Depending on your data exchange requirements, any, or all of these may be an issue you have to contend with.

Making the Data Usable

Exchanging data between systems is only any good if once there the data is usable. Nobody would consider releasing a physical book in the USA, and a digital book in France, and not translating it. The same is true of data. Exchanging the data between databases requires you to take these issues into account during the movement of the data; it’s no good just blindly copying the data over and hoping it will be usable.

To make the data usable the following aspects must be considered:

  • Data accessibility – we’ve already talked about the key structural translation that needs to take place, but you also need to think about the effect on elements such as searching and indexing. Certain indexing methods are more complex (and therefore computationally expensive) than others. Some are more efficient. Some database environments support a limited number, quantity or complexity of indexing and querying that can only be addressed if the format and structure of the data is correct to begin with.
  • Data validity – if you change the structure of the data, does that change the ability to validate or otherwise ensure the quality of the information? For example, moving from RDBMS to NoSQL you may lose the ability to single out duplicate entries for certain types and fragments of the dataset. Relational constraints are not enforced within non-relational databases. Data format differences may also present problems; in a NoSQL database, for example, the same strict database types, such as dates, times or numbers do not exist. How do you prevent an invalid date being inserted into a date column, or worse, a non-date value into a date column that would have been identified during a database write?
  • Application usability – if the data is moved, can you still access and update it in the same way? RDBMSs tend to be transactional, providing stability and support, NoSQL databases do not as a rule, particularly across multiple silos.
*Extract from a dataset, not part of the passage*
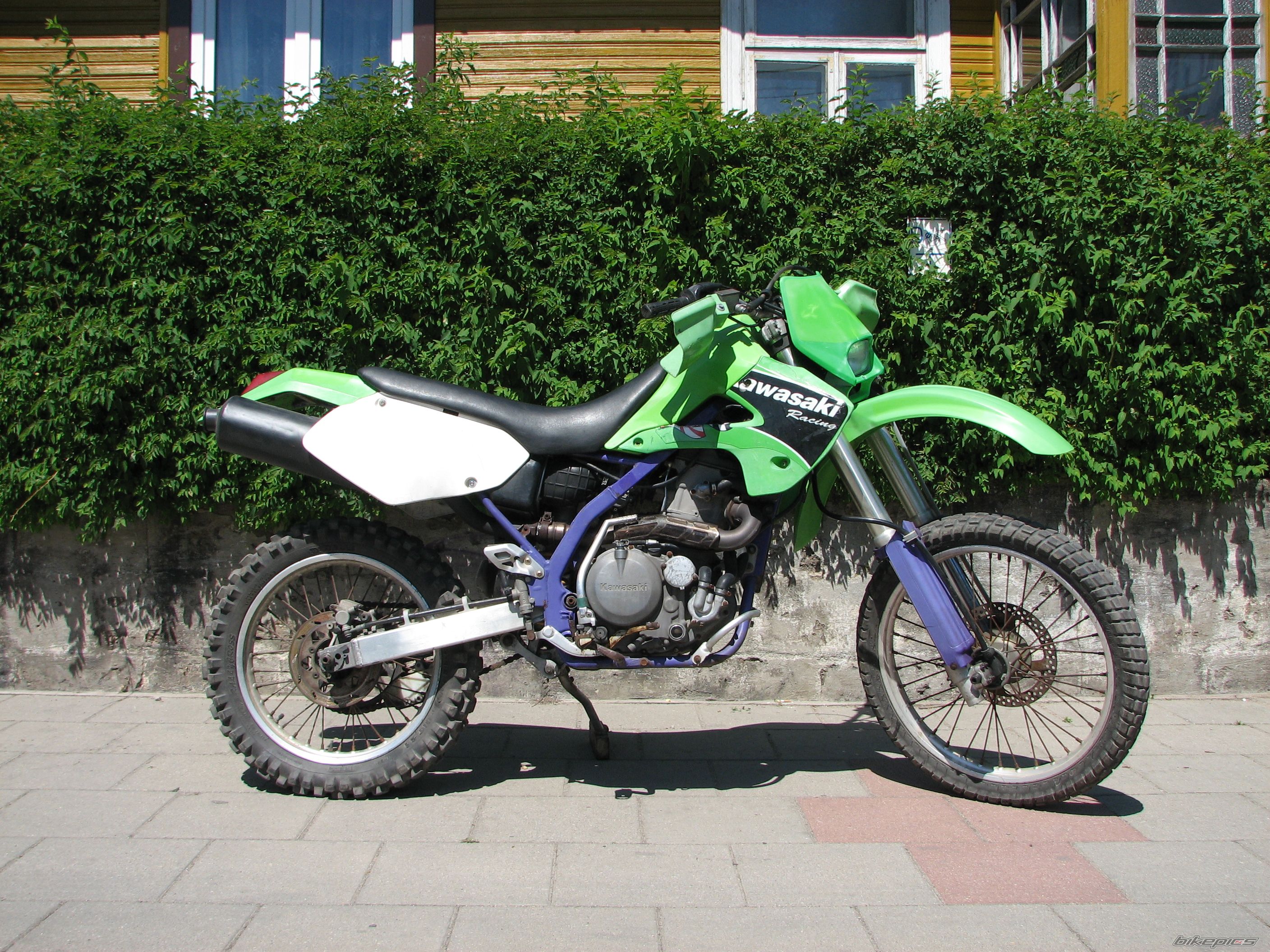 Bike Photo 1308466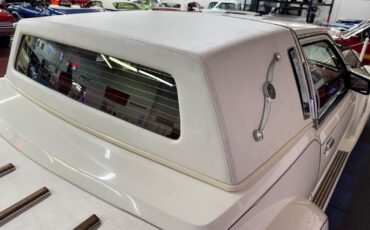 Zimmer-Golden-Spirit-1986-Coupe-16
If an invoice is updated, how do I guarantee that the customers account is also updated, especially if one operation, or the database itself, fails during the process?

These are some, but not all, of the issues you need to be aware of. Regardless of the actual method though, you want to actually use the data at the end, so don’t forget how you might query or index the data once it’s moved. Keep in mind that not all data moves require heavy consideration. If you are exporting the data to be loaded for a mail merge for example, the usability aspects may be minor compared to the format and quality of the information.


How to Buffer posts+hashtags from your Blog using Zapier

I try to automate as much my life as possible, particularly when it comes to computers.

I’ve been using the automated ‘Social Sharing’ on WordPress.com (and indeed, my blogs in general) for years. However, I’m also a keen Buffer user and WordPress.com does not offer a Buffer connection. Because I also use Buffer to handle my Patreon posts, concentrating them all in one place would make things a lot easier.

What I wanted to do was something quite straightforward, I wanted to turn a blog post entry into post to Twitter (and others) that turned the list of tags I created on the post into #hashtags. This actually doesn’t seem like a particularly complex or uncommon request, but apparently it’s not a standard offering. What I was even more surprised at was that nobody else seemed to have done the same, which has me confused…

Now there are many options for doing this kind of automated posting, I could have used IFTTT, but IFTTT while incredibly useful (I have about 60 recipes on there) is also incredibly simplistic and your options are limited. That means I can’t post from WordPress to Buffer with the required hashtags.

Zapier is very similar to IFTTT, but also has the option of running multistep Zaps that do more than one thing (IFTTT is limited to one target), but better than that you can include a step that runs information through a JavaScript (or Python) script to do some additional processing.

And this is the key that enables me to do precisely what I need, take a blog post from one of my blogs, process the list of tags into a list of (de-duplicated) hashtags, and then post it into my Buffer queues.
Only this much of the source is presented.